Thomas Sénécal, born in 1975 in Honfleur (Calvados), is a French journalist and television presenter specializing in motor sports. He has been the Director of Sports at Canal+ Group since July 1, 2022.

== Youth ==
The youngest of a family of seven children, Thomas Sénécal has always been passionate about news, geography, and sports. From primary school onwards, he dreamt of becoming a journalist. At 16 years old, with a group of young people from Honfleur, he took a tour of Europe by train and reported on it in the local press. At 18, he worked for the newspaper L'Eveil-Côte Normande in Deauville. At that time, he was a student in hypokhâgne. His academic path in preparatory literary classes and then university studies in history led him to Caen, Lille, and finally Paris at the Centre de formation des journalistes (class of 1998). His father, Henri, managed an automobile garage in Ablon in the Calvados region and participated in rallies. Thomas accompanied him as a co-driver between 1996 and 1999 in a Renault 5 GT Turbo.

== Career ==
He began his career at France Télévisions in 1998, covering the World Cup and the Tour de France; in 1999, he joined TF1 as a reporter for the Auto-Moto show. He covered the World Rally Championship and accompanied Sébastien Loeb's rise to fame. In 2004, he became the presenter of Auto-Moto until 2007. He then joined the sports editorial team for TF1's 13:00 and 20:00 news broadcasts, covering the 2008 Beijing Olympics.

In 2009, he was hired by Canal+ as a senior reporter for the Canal Football Club and presenter of various events such as the Paris Judo World Championships or the Winter X Games in Tignes. He covered Ligue 1, the Olympic Games, handball, and the WRC rally.
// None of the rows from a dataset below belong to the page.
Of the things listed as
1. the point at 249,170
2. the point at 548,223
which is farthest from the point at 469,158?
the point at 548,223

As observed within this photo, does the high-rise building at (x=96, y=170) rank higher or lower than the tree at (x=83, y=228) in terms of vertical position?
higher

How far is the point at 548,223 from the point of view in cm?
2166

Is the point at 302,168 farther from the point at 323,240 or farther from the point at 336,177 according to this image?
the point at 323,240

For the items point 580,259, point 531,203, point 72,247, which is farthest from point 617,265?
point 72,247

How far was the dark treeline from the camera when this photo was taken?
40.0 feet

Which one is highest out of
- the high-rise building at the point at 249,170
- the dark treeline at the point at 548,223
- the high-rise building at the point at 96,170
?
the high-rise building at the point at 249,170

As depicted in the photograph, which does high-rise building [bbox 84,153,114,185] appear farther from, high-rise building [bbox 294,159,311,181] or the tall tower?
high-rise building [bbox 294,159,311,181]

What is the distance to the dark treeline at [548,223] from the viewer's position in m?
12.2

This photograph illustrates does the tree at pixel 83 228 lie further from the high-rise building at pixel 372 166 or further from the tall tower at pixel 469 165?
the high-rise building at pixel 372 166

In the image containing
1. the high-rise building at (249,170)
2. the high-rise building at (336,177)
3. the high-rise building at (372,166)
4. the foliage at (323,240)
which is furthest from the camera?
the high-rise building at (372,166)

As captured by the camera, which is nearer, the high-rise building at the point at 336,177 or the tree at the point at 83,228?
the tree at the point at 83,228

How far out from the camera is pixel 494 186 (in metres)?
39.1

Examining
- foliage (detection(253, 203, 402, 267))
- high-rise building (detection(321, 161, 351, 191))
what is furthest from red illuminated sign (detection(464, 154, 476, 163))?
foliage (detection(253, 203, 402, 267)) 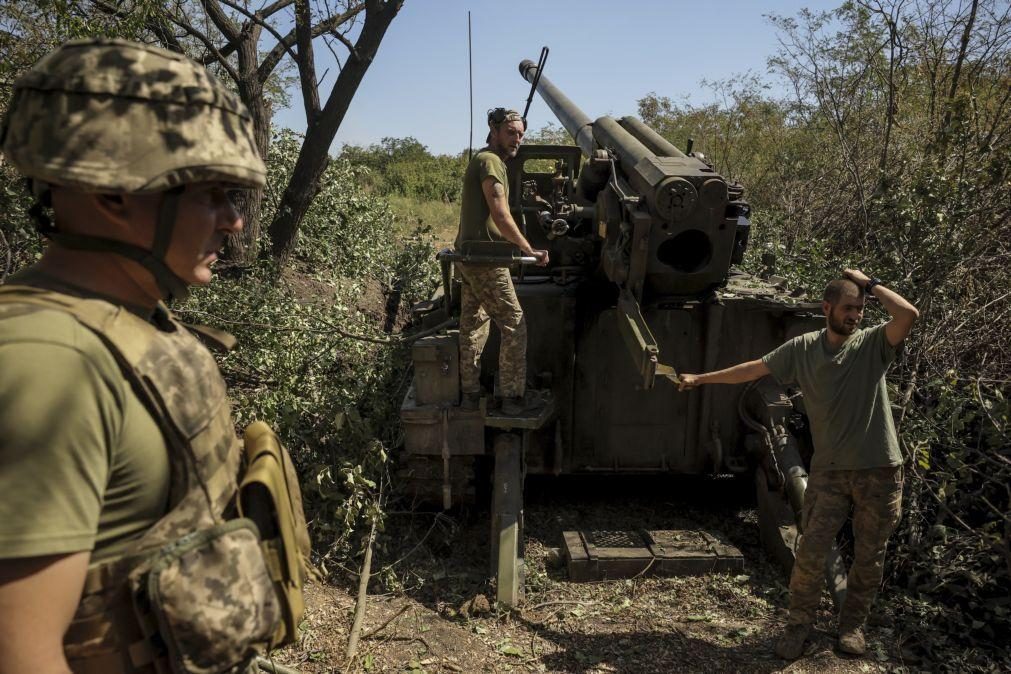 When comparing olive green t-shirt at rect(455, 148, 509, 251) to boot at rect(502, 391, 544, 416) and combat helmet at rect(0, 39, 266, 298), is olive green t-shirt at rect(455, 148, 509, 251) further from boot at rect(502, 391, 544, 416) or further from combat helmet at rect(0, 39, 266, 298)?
combat helmet at rect(0, 39, 266, 298)

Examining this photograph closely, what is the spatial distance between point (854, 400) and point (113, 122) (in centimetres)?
371

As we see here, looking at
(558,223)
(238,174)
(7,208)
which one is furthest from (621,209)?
(7,208)

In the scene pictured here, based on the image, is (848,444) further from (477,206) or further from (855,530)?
(477,206)

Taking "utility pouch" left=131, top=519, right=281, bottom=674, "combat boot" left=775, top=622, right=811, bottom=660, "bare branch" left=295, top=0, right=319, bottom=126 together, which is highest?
"bare branch" left=295, top=0, right=319, bottom=126

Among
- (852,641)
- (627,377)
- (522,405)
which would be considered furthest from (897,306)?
(522,405)

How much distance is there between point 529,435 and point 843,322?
8.17 feet

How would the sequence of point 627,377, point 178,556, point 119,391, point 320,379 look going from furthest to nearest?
point 320,379
point 627,377
point 178,556
point 119,391

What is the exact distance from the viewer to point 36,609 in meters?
1.22

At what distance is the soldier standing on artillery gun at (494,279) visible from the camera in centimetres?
504

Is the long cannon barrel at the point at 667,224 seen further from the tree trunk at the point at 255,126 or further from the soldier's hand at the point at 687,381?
the tree trunk at the point at 255,126

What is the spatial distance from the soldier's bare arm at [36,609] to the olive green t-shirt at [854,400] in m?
3.70

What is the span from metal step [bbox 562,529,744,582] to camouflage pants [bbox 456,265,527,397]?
115 centimetres

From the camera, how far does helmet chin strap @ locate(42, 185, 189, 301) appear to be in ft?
4.82

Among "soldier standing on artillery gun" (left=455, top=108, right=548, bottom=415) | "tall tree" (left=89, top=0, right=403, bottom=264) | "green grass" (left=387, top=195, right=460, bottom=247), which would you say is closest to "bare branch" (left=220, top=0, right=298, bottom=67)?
"tall tree" (left=89, top=0, right=403, bottom=264) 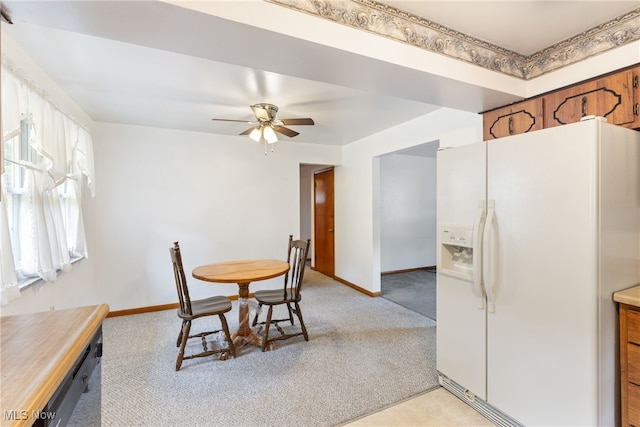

He worked for the Infosport+ channel in 2011 and 2012. In 2013, Canal+ announced the acquisition of exclusive broadcasting rights for Formula 1. Named head editor of the F1 team by Cyril Linette, Thomas Sénécal also presented the new show "La Grille." For 10 years, he led and supported the editorial development of Formula One on Canal+. He was in charge of a team composed of journalists and driver-consultants such as Julien Fébreau, Alain Prost, Margot Laffite, Jean Alesi, Laurie Delhostal, Thomas Thouroude, Laurent Dupin, Karim Bennani, Franck Montagny, Jacques Villeneuve and Romain Grosjean.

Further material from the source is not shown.